Featuring four trips into the dark margins of the human condition, Maximum Dark showcases characters pushed to the very edge of their limits.
Maximum Dark collects, for the first time, Daniel Powell’s thrilling novellas.
Remnants: A Record of Our Survival
The blight fell across the face of the world like a shroud. It mutated so quickly that the virologists never really had a chance.
America sealed its borders, but it was too late. By the time the first North American cannibalism clusters surfaced in Montreal, Winnipeg, and Vancouver, the blight was already incubating in many northern cities.
A dozen weeks later, everything was gone.
And yet, survivors have persisted. This is the story of the Keanes—an ordinary American family from what used to be Portland, Oregon—and their not-so-ordinary story of survival in the face of unthinkable human depravity.
Vivian Bowles has never been the same since losing her daughter to a hit-and-run accident.

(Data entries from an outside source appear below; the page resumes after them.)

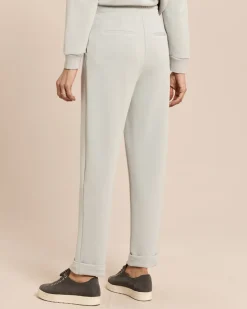 Relaxed Fit Jerseyhose cropped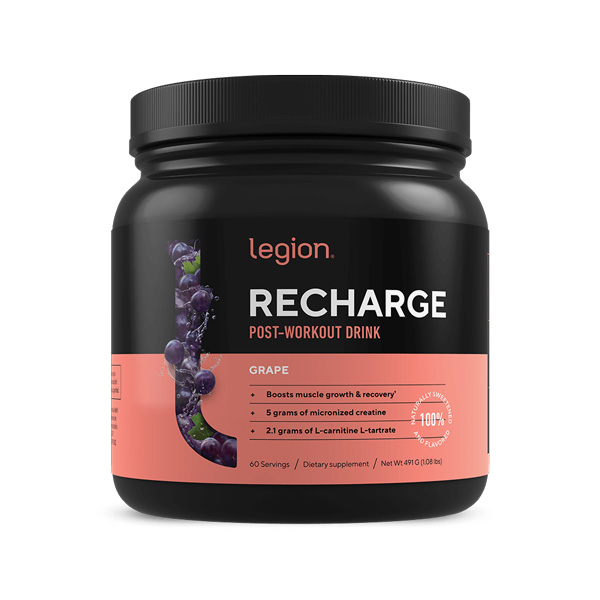 Clearance Legion Recharge Post-Workout With a Best by Date of 06/24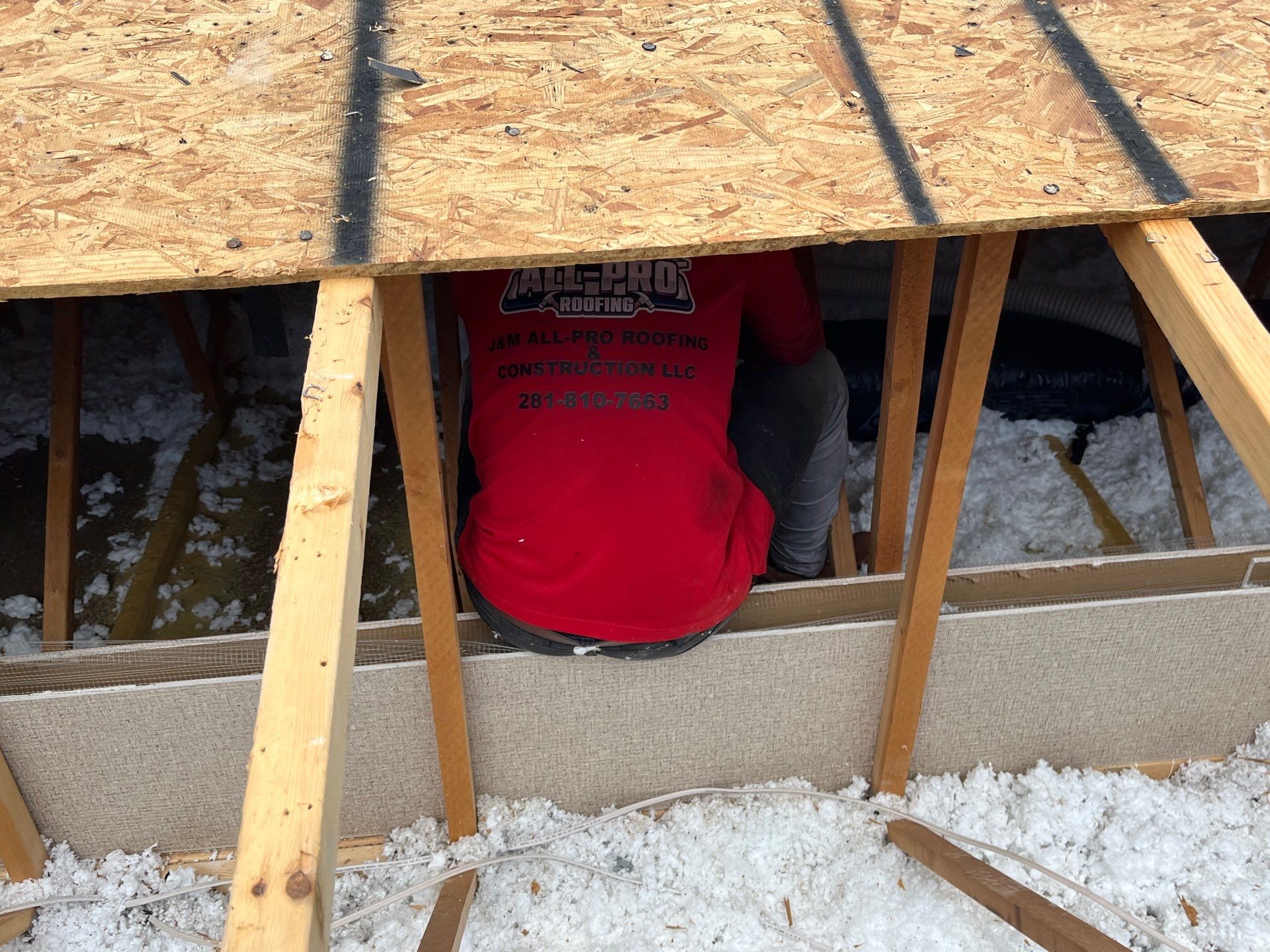 Residential Roofing Installation using Owen's Corning Duration (Lifetime) Shingles by Roof Repair Company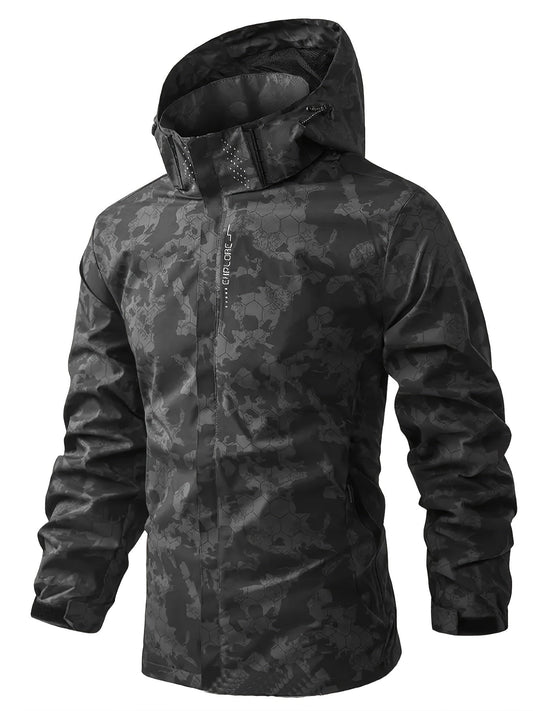 Warme Camouflage Hooded Windbreaker Outdoorjas Voor de Lente Voor Mannen | Perfect voor buitenactiviteiten in de lente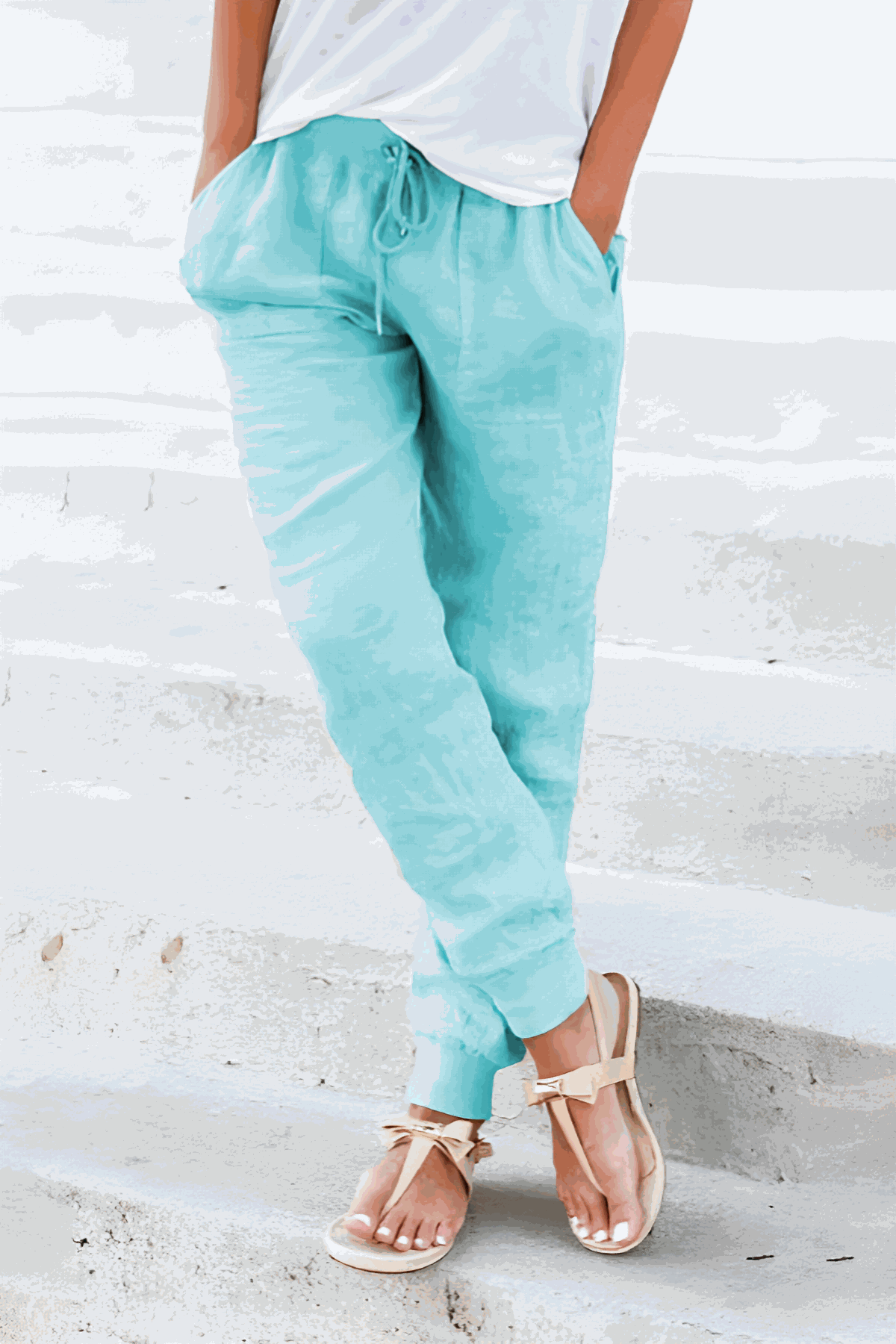 Bali | Women's Elastic Ankle Drawstring Casual Pants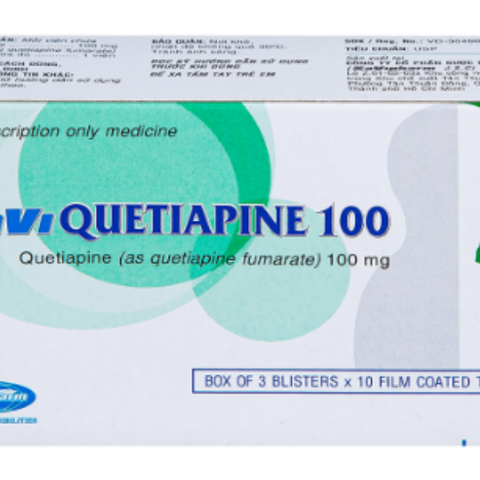 Quetiapine 100 savi hộp 30 viên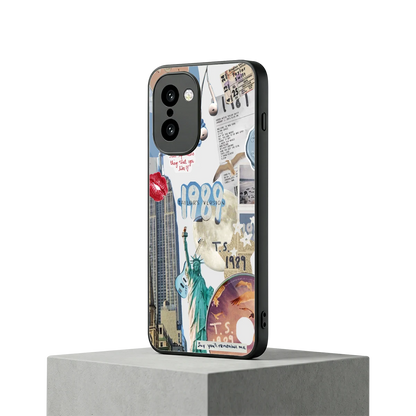 1989 Swift Era oneplus 15r mobile cover | shockproof glass phone case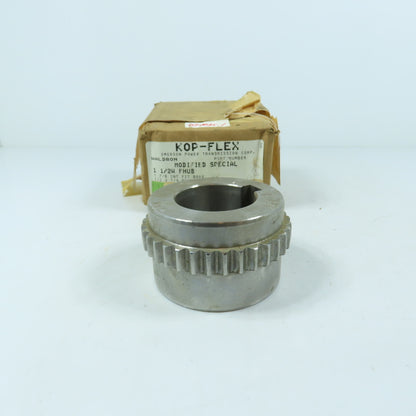 Kop-Flex 1 1/2W FHUB Gear Coupling Flex Hub Size 1-1/2 W 1-7/8" Bore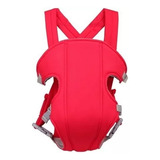 Canguru Porta Bebês Vermelho Importway 3 A 12 Meses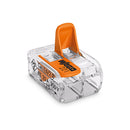 Wago 221-412 2 Way Compact Lever Connector - Clear/Orange - Box of 100 - Pack of 100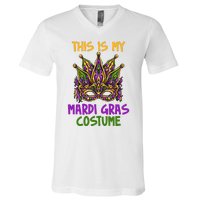 This Is My Mardi Gras Costume Festive V-Neck T-Shirt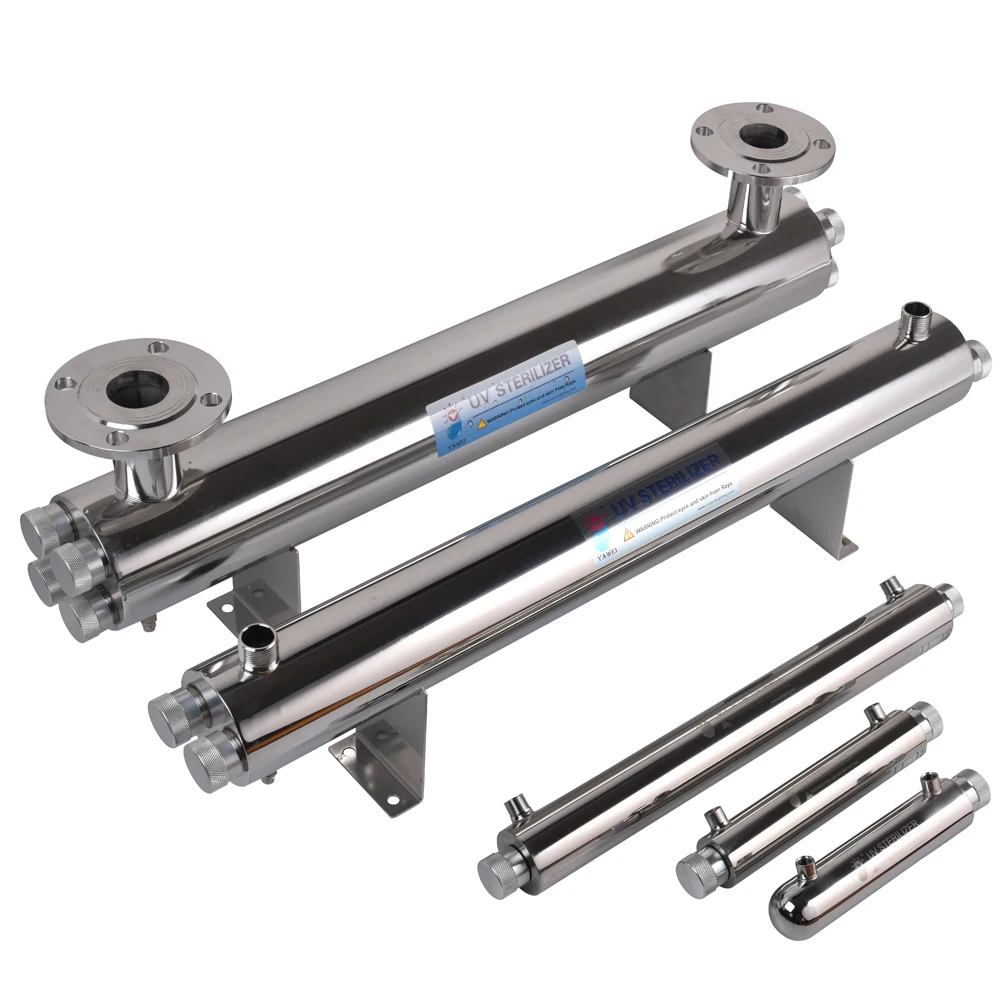 
 УФ стерилизатор питьевой воды 30 Вт 8gpm, ультрафиолетовый стерилизатор воды  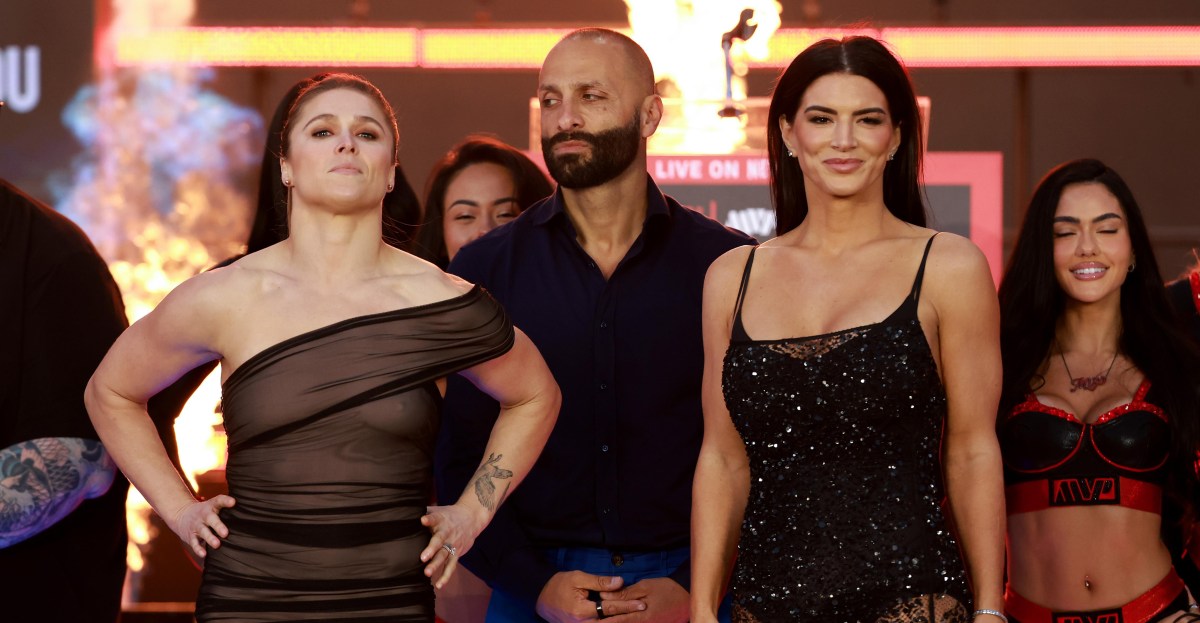 Ronda Rousey vs. Gina Carano weigh-in video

Her marriage died, her business crumbled, and she tumbled into a deep well of sorrow and despair.
She sustained herself by channeling her grief into a singular mission: finding and punishing the person responsible for her daughter’s death.
Her quest for answers has taken her from Cape Coral to Denver, where she plans to teach Sheldon and Terri James a hard lesson in personal loss.
Things are about to get very cold in Colorado…
Fresh on the heels of the thrilling novella FROZEN comes TORCHED, a continuation of the tale of two women who have had their families decimated by tragedy, and who will stop at nothing to gain a measure of vengeance for their suffering.
Terri James lost her husband to the Colorado wilderness, but she never lost the hope of making Vivian Bowles pay for what she did to her family.
After enlisting the help of a private detective, Terri has discovered that Vivian escaped to a tiny village in Central Mexico. She has taken up residence there with another American expatriate, and is embarking upon what appears to be an idyllic existence.
All of this while Terri’s children struggle with chronic nightmares and an existence without their father.
But life has a fascinating way of repeating itself, and Terri has some very uncomfortable plans for the happy hideaways taking refuge in Cerritos. TORCHED explores the depths of obsession that govern the human impulse for revenge, as well as the redemptive qualities of what it means to let go.
Whoever said that revenge was a dish best served cold?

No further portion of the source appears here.